─── Exercise inputs ───

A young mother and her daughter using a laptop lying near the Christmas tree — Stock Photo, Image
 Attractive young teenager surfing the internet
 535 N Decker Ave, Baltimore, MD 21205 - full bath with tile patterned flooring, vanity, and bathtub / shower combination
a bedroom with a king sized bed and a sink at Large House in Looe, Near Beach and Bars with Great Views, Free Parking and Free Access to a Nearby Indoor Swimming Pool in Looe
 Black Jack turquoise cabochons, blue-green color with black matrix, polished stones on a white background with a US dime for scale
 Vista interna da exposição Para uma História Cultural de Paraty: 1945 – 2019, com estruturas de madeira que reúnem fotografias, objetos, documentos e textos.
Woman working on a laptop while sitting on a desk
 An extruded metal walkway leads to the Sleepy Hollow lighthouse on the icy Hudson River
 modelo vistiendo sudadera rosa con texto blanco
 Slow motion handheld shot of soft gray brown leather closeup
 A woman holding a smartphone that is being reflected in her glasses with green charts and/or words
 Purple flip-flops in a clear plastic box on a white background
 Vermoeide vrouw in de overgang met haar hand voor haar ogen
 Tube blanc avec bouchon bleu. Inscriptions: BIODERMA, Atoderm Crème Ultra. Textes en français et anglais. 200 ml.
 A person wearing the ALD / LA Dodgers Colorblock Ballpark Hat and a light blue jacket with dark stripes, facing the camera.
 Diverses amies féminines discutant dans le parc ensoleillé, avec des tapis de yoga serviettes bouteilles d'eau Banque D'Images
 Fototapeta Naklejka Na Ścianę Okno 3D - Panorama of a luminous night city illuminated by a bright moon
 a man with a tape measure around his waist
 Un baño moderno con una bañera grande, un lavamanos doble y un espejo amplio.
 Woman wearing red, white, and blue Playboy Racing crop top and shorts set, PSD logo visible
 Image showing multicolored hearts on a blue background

───

◆ **Directions for this task**
Return each line above exactly.

◆ **Answer box**
A young mother and her daughter using a laptop lying near the Christmas tree — Stock Photo, Image
 Attractive young teenager surfing the internet
 535 N Decker Ave, Baltimore, MD 21205 - full bath with tile patterned flooring, vanity, and bathtub / shower combination
a bedroom with a king sized bed and a sink at Large House in Looe, Near Beach and Bars with Great Views, Free Parking and Free Access to a Nearby Indoor Swimming Pool in Looe
 Black Jack turquoise cabochons, blue-green color with black matrix, polished stones on a white background with a US dime for scale
 Vista interna da exposição Para uma História Cultural de Paraty: 1945 – 2019, com estruturas de madeira que reúnem fotografias, objetos, documentos e textos.
Woman working on a laptop while sitting on a desk
 An extruded metal walkway leads to the Sleepy Hollow lighthouse on the icy Hudson River
 modelo vistiendo sudadera rosa con texto blanco
 Slow motion handheld shot of soft gray brown leather closeup
 A woman holding a smartphone that is being reflected in her glasses with green charts and/or words
 Purple flip-flops in a clear plastic box on a white background
 Vermoeide vrouw in de overgang met haar hand voor haar ogen
 Tube blanc avec bouchon bleu. Inscriptions: BIODERMA, Atoderm Crème Ultra. Textes en français et anglais. 200 ml.
 A person wearing the ALD / LA Dodgers Colorblock Ballpark Hat and a light blue jacket with dark stripes, facing the camera.
 Diverses amies féminines discutant dans le parc ensoleillé, avec des tapis de yoga serviettes bouteilles d'eau Banque D'Images
 Fototapeta Naklejka Na Ścianę Okno 3D - Panorama of a luminous night city illuminated by a bright moon
 a man with a tape measure around his waist
 Un baño moderno con una bañera grande, un lavamanos doble y un espejo amplio.
 Woman wearing red, white, and blue Playboy Racing crop top and shorts set, PSD logo visible
 Image showing multicolored hearts on a blue background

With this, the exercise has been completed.